Libye-Europe
Première sortie en Occident
(Photo : AFP)
Hier chef d’un Etat-voyou, Mouammar Kadhafi a mis les bouchées doubles depuis l’année dernière pour faire oublier ses frasques «révolutionnaires» et les attentats contre des avions de ligne chargés de passagers américains, britanniques, français ou africains. Sa dernière invitation hors d’Afrique ou du Moyen-Orient remonte à 1989, pour un sommet des non-alignés à Belgrade, dans l’ex-Yougoslavie.

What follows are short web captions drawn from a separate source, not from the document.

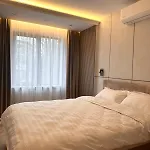 아파트 Chanttal Luxury - Amzei *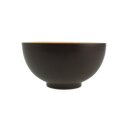 Keramik-Schüssel Orange, Ø 14,5 cm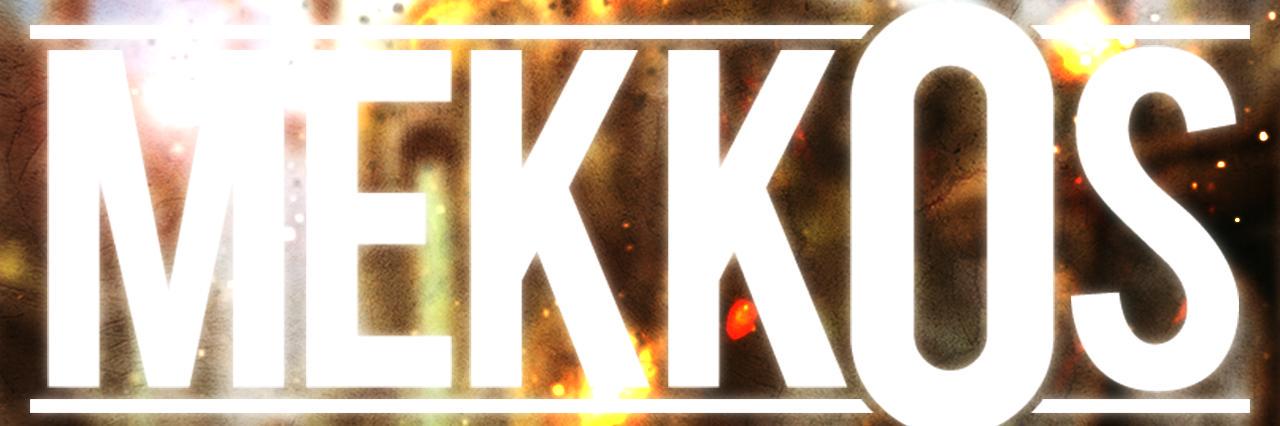 mekk0s's profile banner image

Au soir de ce 27 avril historique, le Premier ministre belge Guy Verhofstadt lui déroule le tapis rouge de l’Occident pour rejoindre la tente érigée dans les jardins du château de Val Duchesse réservé aux hôtes de marque du Royaume, délicate attention pour le Bédouin pétrolier. «Nous espérons vivement que nous ne seront pas obligé de revenir au temps où nous piégions nos voitures, où nous ceinturions d’explosifs nos lits ou nos femmes pour éviter d’être poursuivis jusque dans nos chambres comme c’est le cas aujourd’hui en Irak ou en Palestine», a menacé Mouammar Kadhafi, exhortant les Occidentaux à ne pas rater son «offre de paix».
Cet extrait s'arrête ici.